I need to decide on a way of quantitatively evaluating the “clean-ness” of a dotplot before I can look at the RNAfold’s plots as indicators of folding accuracy.
The data are basically a list of coordinates (the plot position of each interacting pair of bases) and a probability (how dark the square is on the plot). I was thinking about adding up all of the probabilities for undesired pairings and dividing by sequence length.
Is this approach valid and/or going to give me useful information? Anyone have other ideas? It’s the simplest I could think of, but I’m concerned that it treats a large number of lower-probability interactions the same as a smaller number of higher-probability interactions.
If anyone from the EteRNA team reads this … how do EteRNA strategies evaluate dotplot data? Ideally, I’d score dotplot data in the same way instead of trying to reinvent the wheel.
I’m interested in knowing how the EteRNA team implemented Penguinan’s and xmbrst’s strategies. Specifically, how they took dot plot data and turned it into a score for the sequence.
I didn’t realize Penguian’s strategy got that low of an ordering score, though. I wonder if it really did treat all “dark” squares on the dot plot the same. I don’t think you’d want to treat an undesired pair with a 50% chance of forming the same as an undesired pair with a 0.5% chance of forming.
Ok, as I understand it, the dotplots are diagonally divided between the ideal probability for the shape tested (bottom left) and the calculated probability for the shape in question (top right), and the probability in question is that the 2 bases defined by the intersection dot are interacting.
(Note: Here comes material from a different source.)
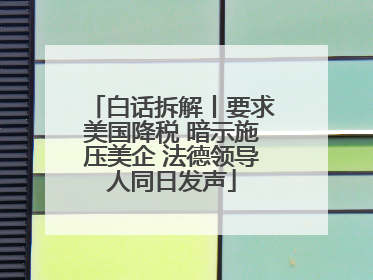 白话拆解丨要求美国降税 暗示施压美企 法德领导人同日发声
So, to get the maximum information from the dotplot, you might want to look at the differences between the equivalent dots on the 2 sides of the plot. The sum of the absolute values of the differences between all the equivalent dots would be something like the total error probability. You would need both the white and dark areas, because there is for any given base a probability that it will pair with an incorrect base or won’t pair when you want it to, or will pair when you don’t want it to, and this would cover all the bases (heh,heh, sorry).
You’d probably want to get into the algorithm before the place where it bins the probability values to make the grayscale plot.
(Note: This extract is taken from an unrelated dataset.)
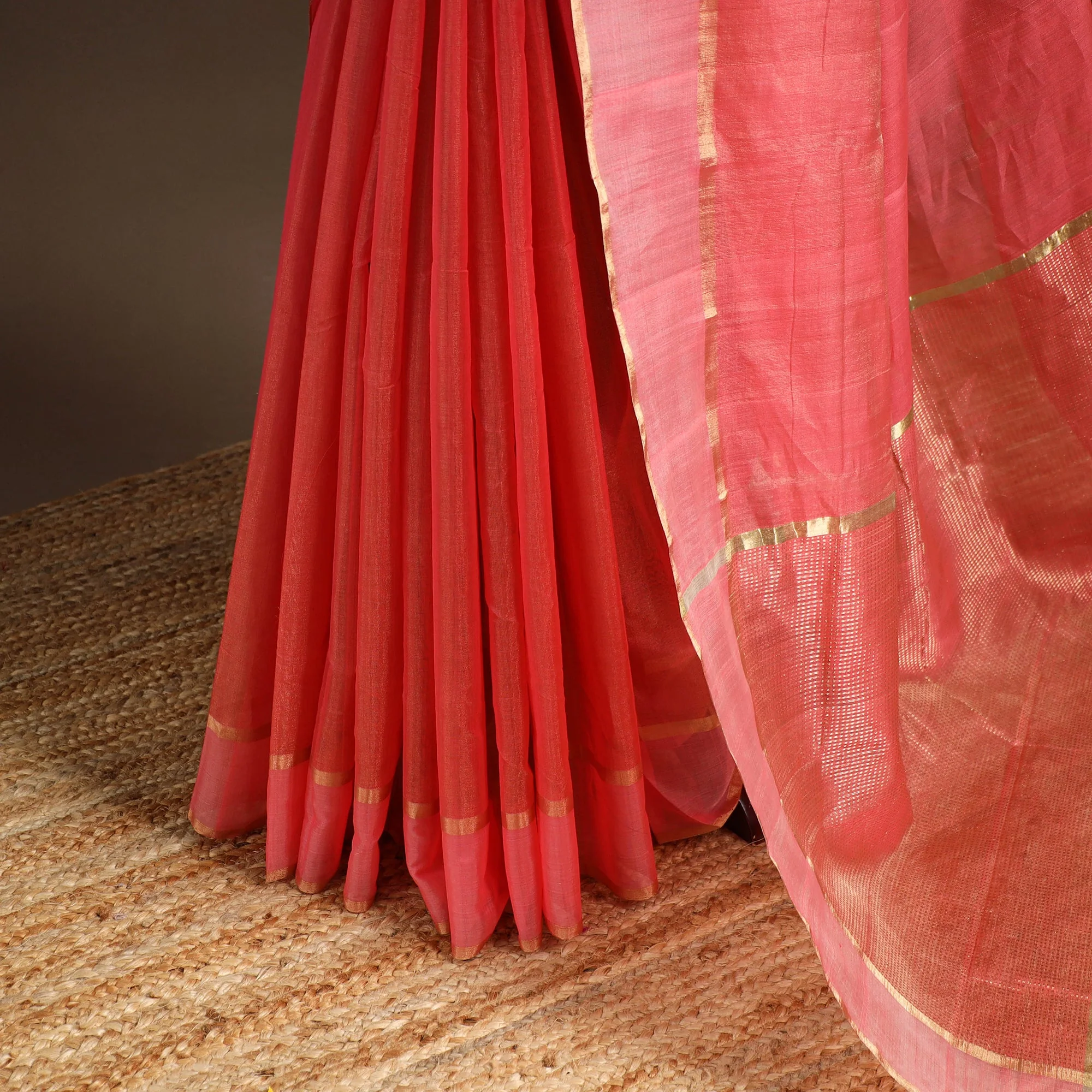 Pink - Handloom Tissue Zari Chanderi Silk Saree 09 - Image 4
I am undecided whether it’s a good idea to add a factor to take into account the size of the molecule (dividing by number of bases). On one hand, it seems like just having more molecules would tend to increase entropy, and increase probability of unwanted interactions. On the other hand, it seems a lot easier to stabilize a long stack or loop than a short one. For this it might be interesting to see if it made a difference if you counted total bases, intended interacting bases, and intended non-interacting bases, or different weights of all three.
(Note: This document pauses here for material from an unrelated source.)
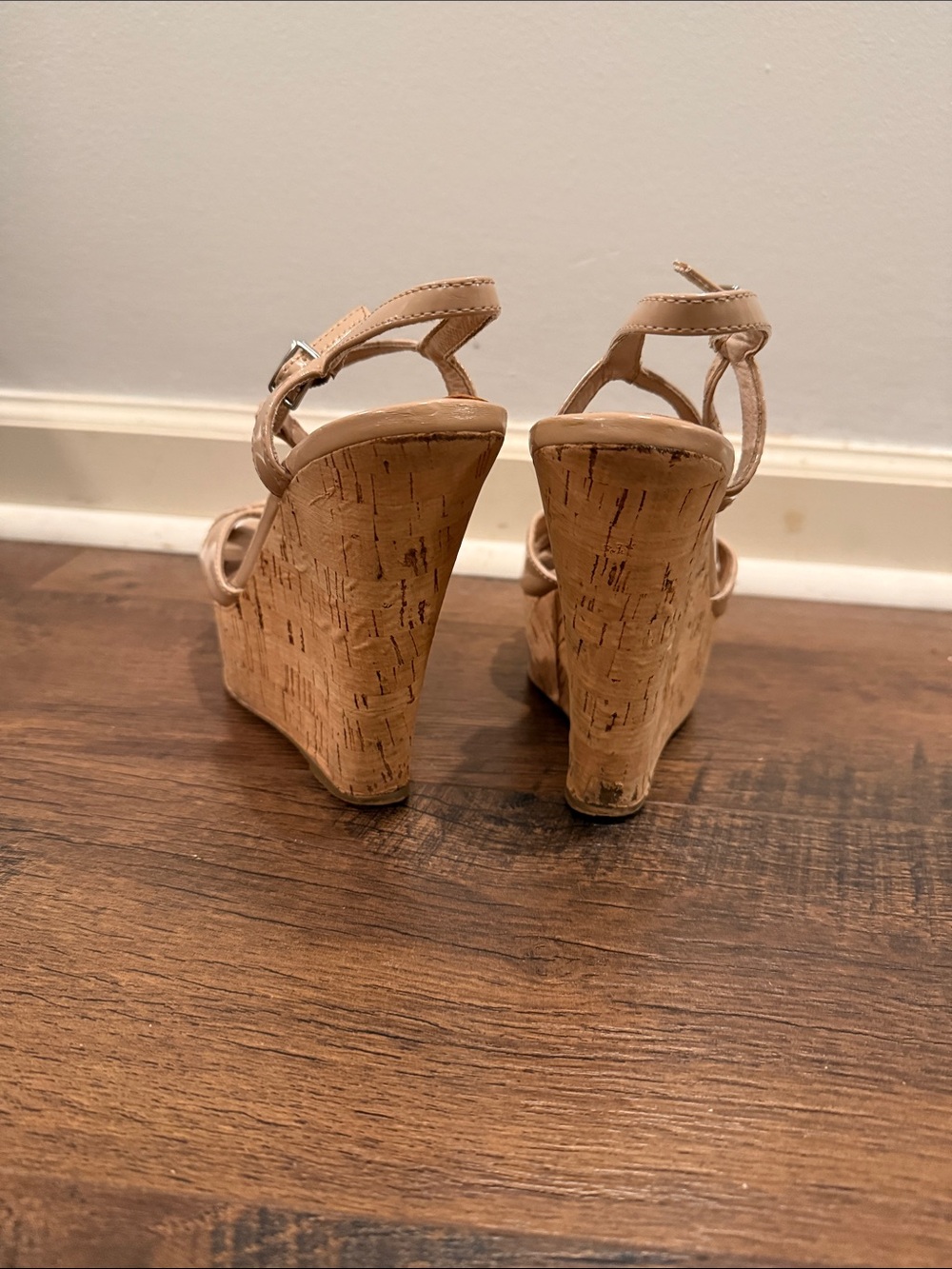 Steve Madden Nude Patent Cork Wedge Sandals with Ankle Strap - Picture 4 of 4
I think that all these strategies for using a single piece of information like the dotplot are going to be less than totally successful, because if it was that easy, it would already have been done. Since melting temp info is also included in the basic package, maybe there could be a factor added to the strategy to account for this, as well as possibly a free energy factor. The problem with adding in factors is that I suspect few of these factors are independent variables, so things will get complex quickly.
What you describe in your second paragraph is basically what I was planning to do, with the additional step of dividing by sequence length. The lower left half of the plot shows the desired pairings, the upper right shows everything. The difference is “undesired” pairings.
The reason I wanted to factor in sequence length was that I was concerned that small, unstable molecules could score the same as longer, more stable molecules. Maybe not a problem in lab, though, where all designs are about the same size.